Dhoke Budhal (Urdu:ڈھوک بدہال) (U.C Narali) is a village in Rawalpindi District, of Punjab, Pakistan.

==Etymology==
In the Pothohari dialect of Punjabi, "Dhoke" means a small chunk of people or houses, while Budhal is the title given to a specified group of "Awan" tribe.

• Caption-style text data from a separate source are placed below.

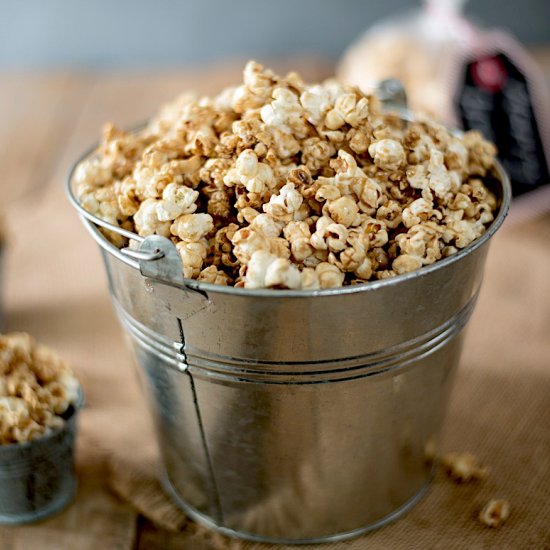 Apple Cider Caramel Popcorn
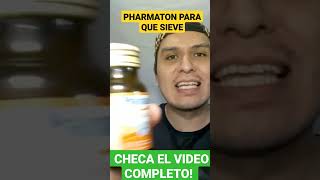 Pharmaton para que sirve ✅ vitaminas Pharmaton Pharmaton Vitaminas vertinvaldivia [upl. by Proud490]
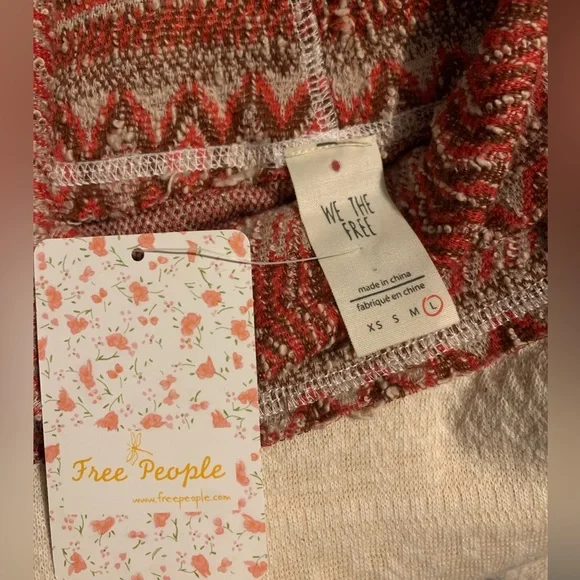 Free People White and Pink Sweater - Picture 4 of 8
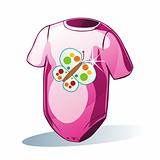 illustration of isolated baby t-shirt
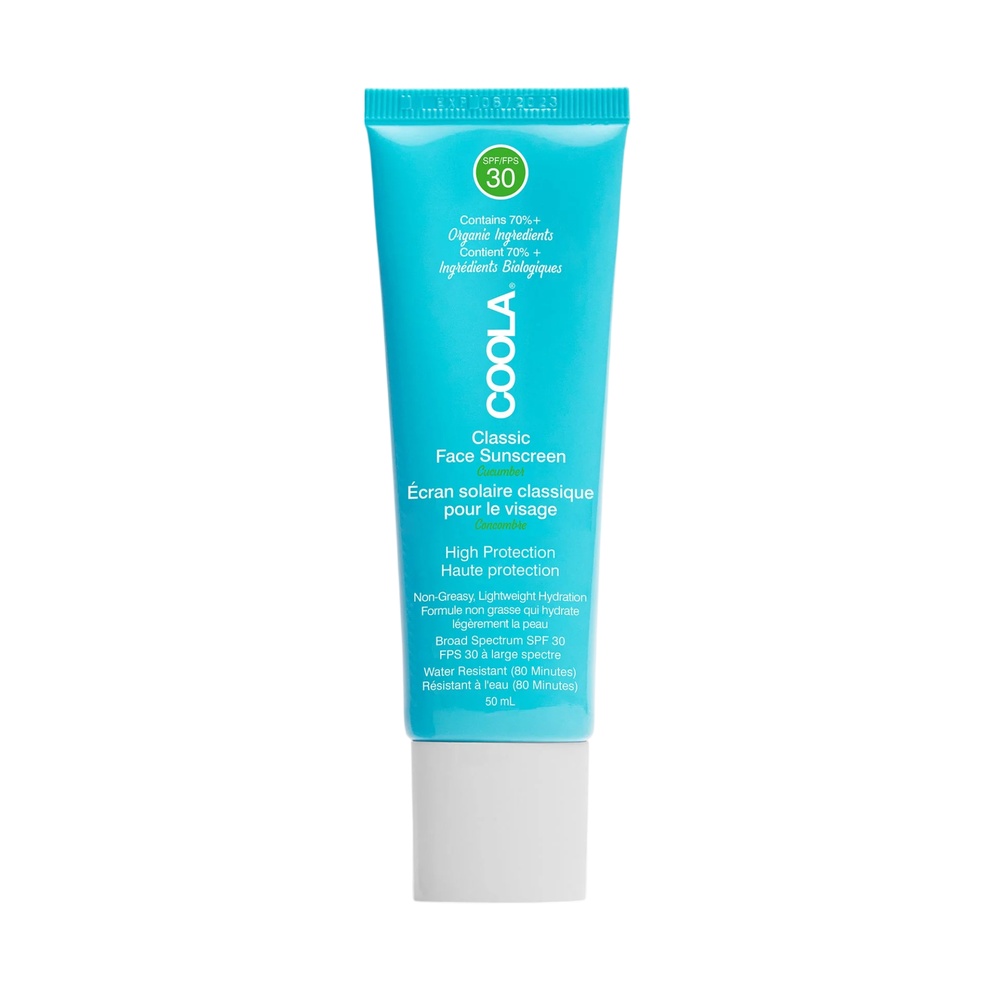 COOLAСолнцезащитный увлажняющий лосьон для лица "Огурец" SPF30, 50 мл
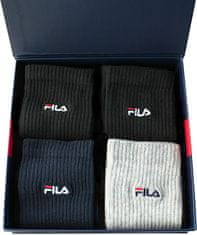 FILA 4 PACK - pánske ponožky FB4405/4-999 (Veľkosť 39-42)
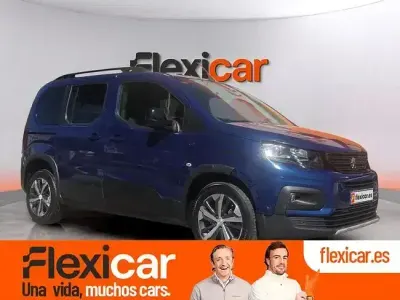 Usado Peugeot Rifter GTi 100 CV (73 kW) 2023 Azul Monovolumen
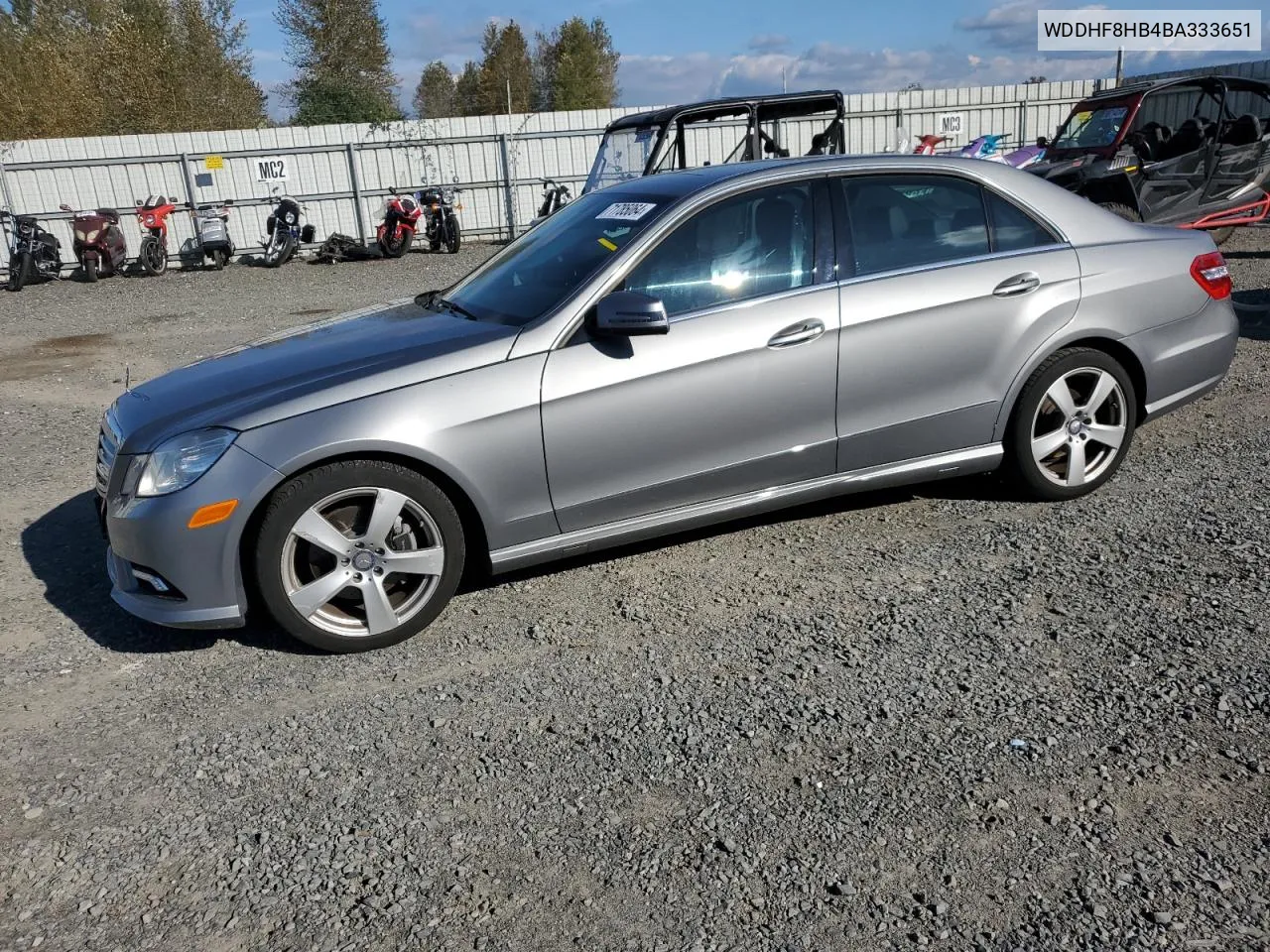 WDDHF8HB4BA333651 2011 Mercedes-Benz E 350 4Matic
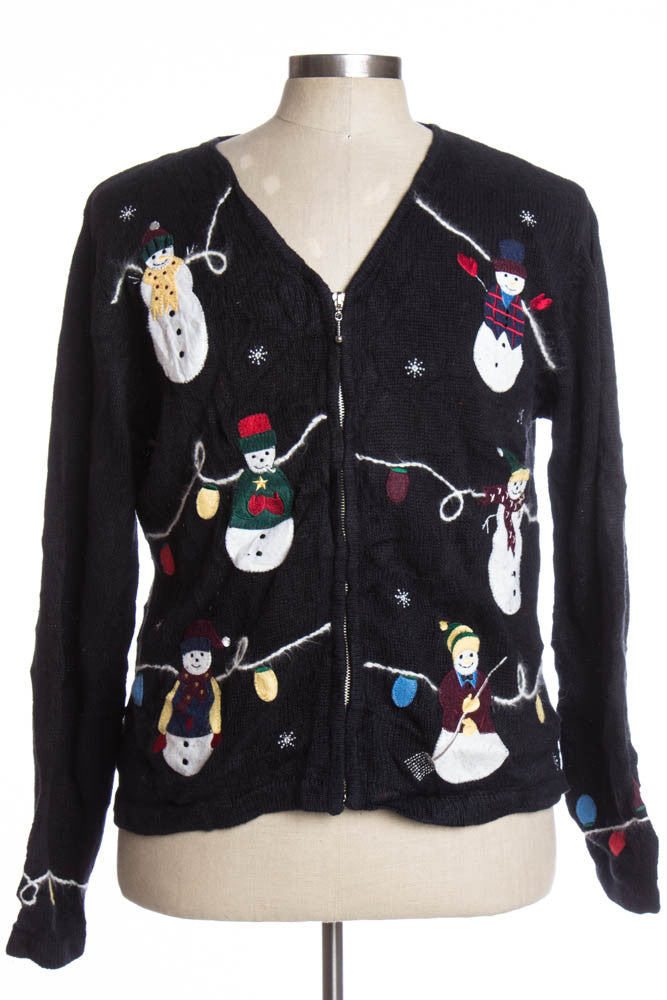 Black Ugly Christmas Cardigan 34824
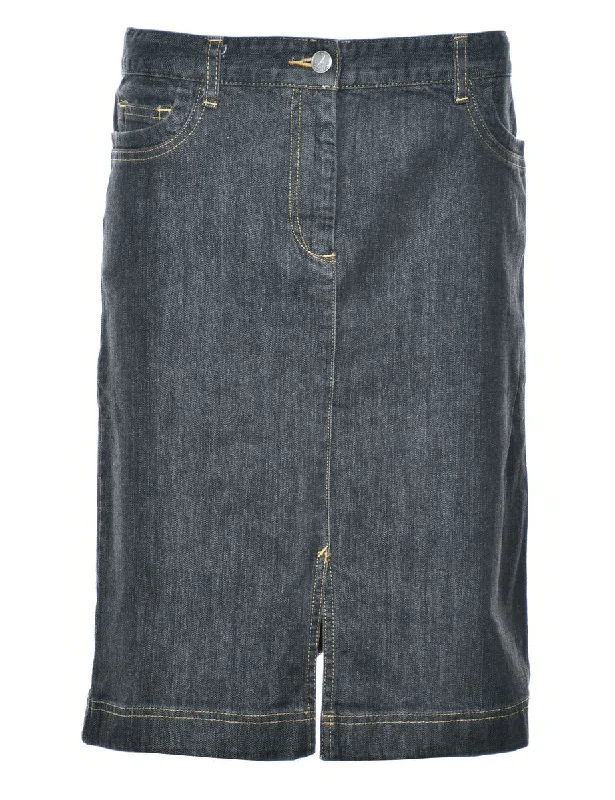 Relaxed Tops Nautica Dark Wash Denim Skirt - L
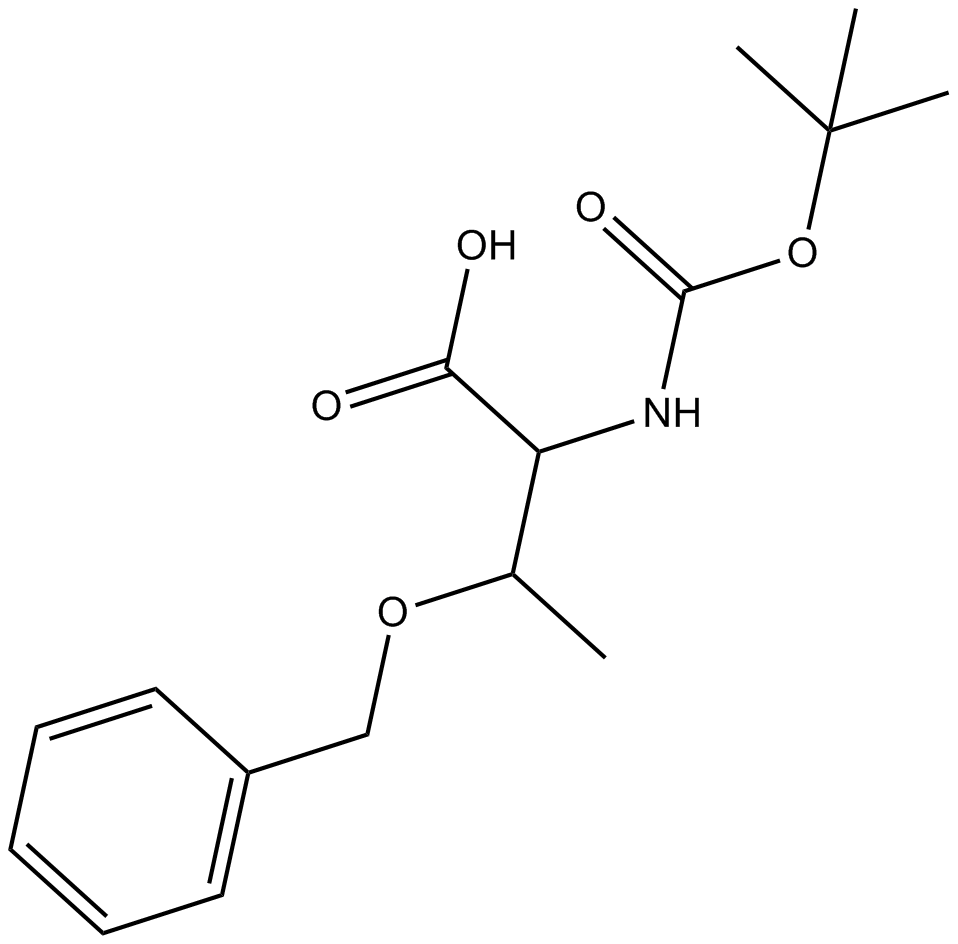 Boc-Thr(Bzl)-OH Chemical Structure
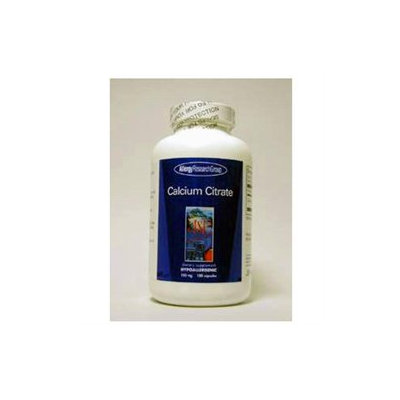 Allergy Research nutricology Allergy Research (Nutricology) Calcium Citrate - 180 Capsules - Calcium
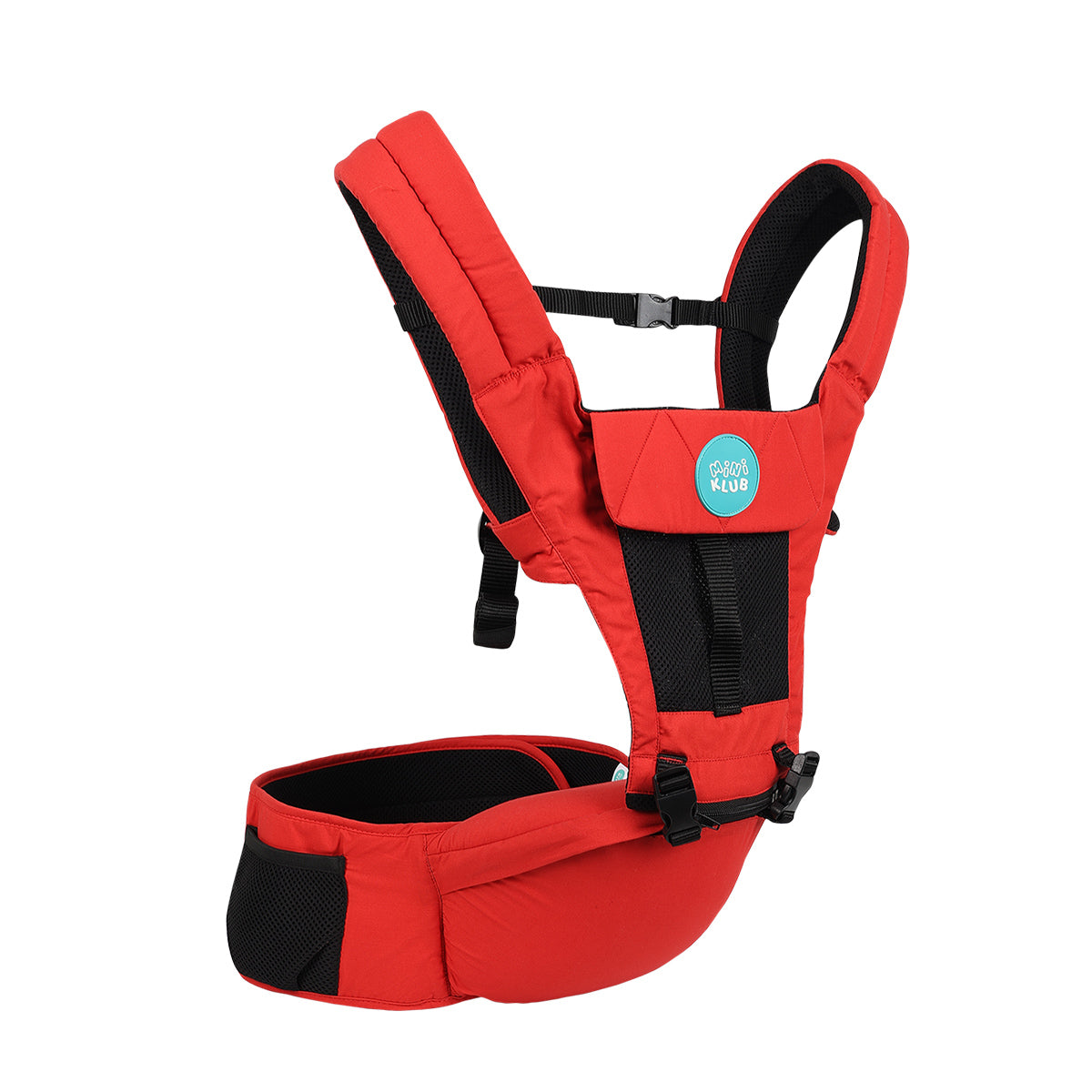 Baby Hip Seat Carrier with Safety Straps, Red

As most of the inhabitants (about 98%) of this village are of the Awan "Budhal" descent, the name depict the "abode of Budhals".

==Geography==
The village is located at 33° 08' 00.60" N and 73° 09' 48.60" E in the northern part of Union Council Narali.
Dhoke Manna is bordering North East side of village, Miana Mohra touches the boundary of Dhoke Budhal to South-East, Narali is located in south, while north west side is covered by PPL oil fields and Village Mastala.

==History==
It is believed that Qadi Khan قادى خان (Awan tribal leader), moved to Narali from Dora Budhal ڈوره بدھال during the 18th century. When, how and why Budhals moved to current location of Dhoke Budhal is not known. The presence of only one tribe (i.e. Awan) and all Sunni Muslims indicates that either this community never accepted outsiders or other communities not tried to move in this village.